And change does come. Maybe not fast enough for some, maybe too fast for others. They call me an innovator when it comes to change in congregations.
I've done stuff in congregations that even early adopters take five years to catch up on. There are only two numbers in my world: one (1) and A Lot. There is no in-between. Either you change or you die.
One of my most formative conversations happened with my college roommate and best friend Marty. We were sitting on his porch as I was about to begin to seminary. He was worried that my lifestyle, my temperament, and my need to do things my way might not work well in a typical Christian congregation. He was wrong. They don't work in ANY congregation, typical or not. Except that it does...People want to change. People don't want their congregations to die.
Since we all know change is going to come, people are often waiting for it--and when they see me--they pretty much know it's here. The look my late father-in-law gave me upon first seeing me told me he knew things were never going to be the same for him...or his daughter.
I wonder were Jesus might have fit on the "adoption scale?" He doesn't seem to be an innovator, as a lot of what he did has stories that go back, way back. But you wouldn't call him a "laggard" either, would you? Jesus had a lot of people with him, many of those might have been early adopters. It's tempting to think of Jesus' opponents as "laggards," but they could have just been competing early adopters or innovators. (Especially if you believe, as I do, that Jesus was a Pharisee early in his life in Jerusalem before he embarked on his own ministry outside of Pharisism.)

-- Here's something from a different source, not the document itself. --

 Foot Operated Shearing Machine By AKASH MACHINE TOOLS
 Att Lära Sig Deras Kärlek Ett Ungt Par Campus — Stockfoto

Now, unlike Mr. Cooke I have not been running. I embrace change. I seek change. I create change if no one else does. The change he was talking about involved his understanding of being a black man in a white-dominated world, and that a change is coming. Maybe the election of Barack Obama to the Presidency of the United States was the last (the laggard) of Mr. Cooke's innovation? Maybe not. But change does come...how do you deal with it?
May your tables be full and your conversations be true.